Dataset content.

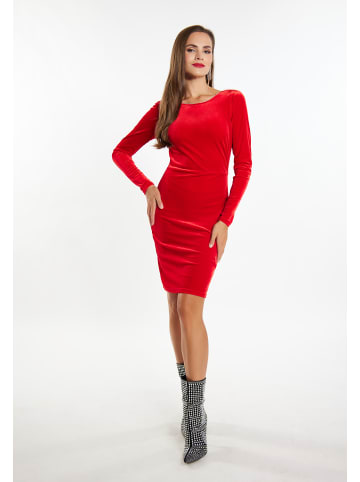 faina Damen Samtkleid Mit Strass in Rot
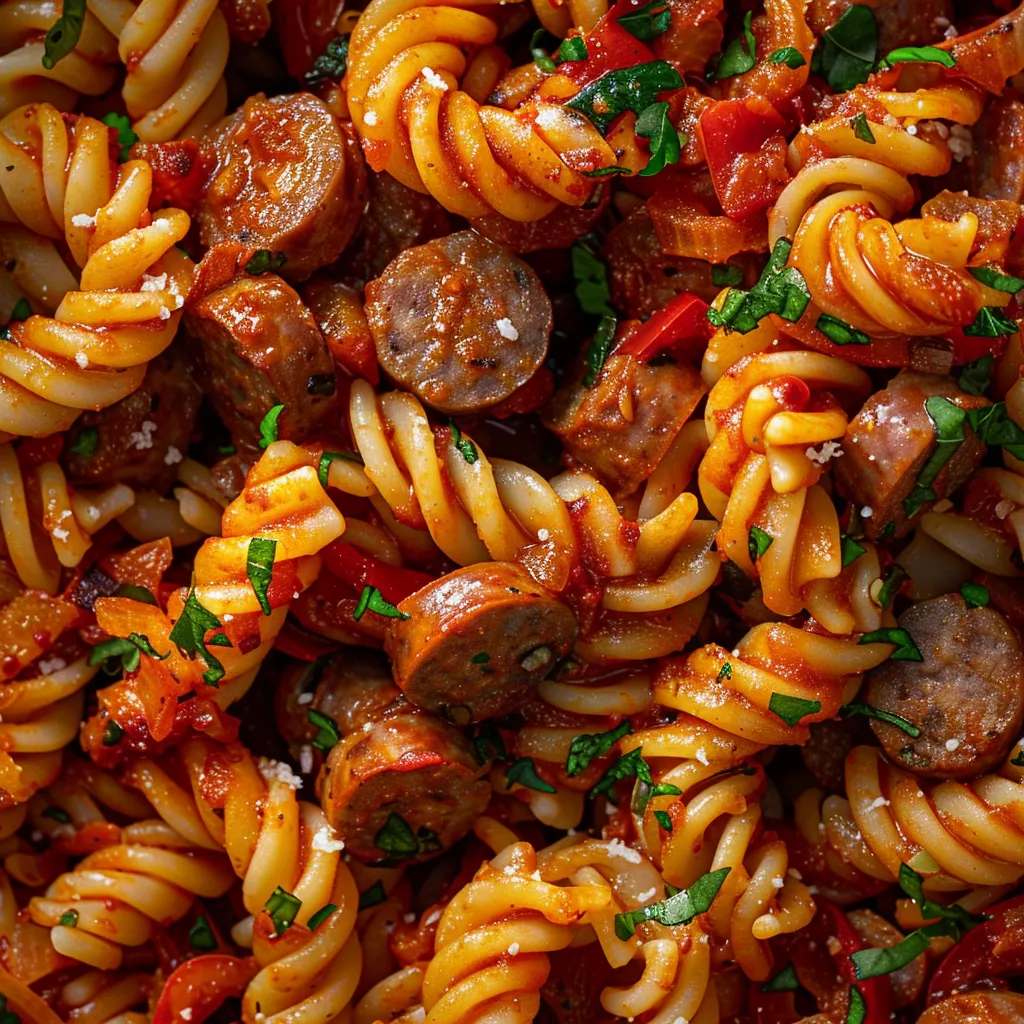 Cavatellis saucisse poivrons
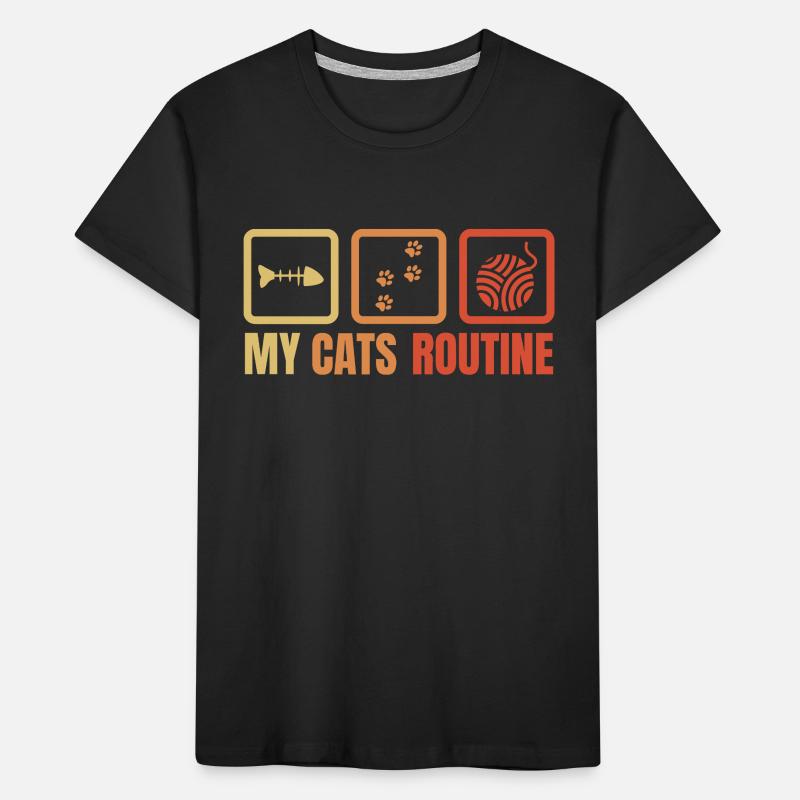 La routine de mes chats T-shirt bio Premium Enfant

What is expected. From the line that contains "Cavatellis saucisse poivrons" to the end of the listing, give every line again exactly as written. Leave the pictures out.

Response area.
 Cavatellis saucisse poivrons
 La routine de mes chats T-shirt bio Premium Enfant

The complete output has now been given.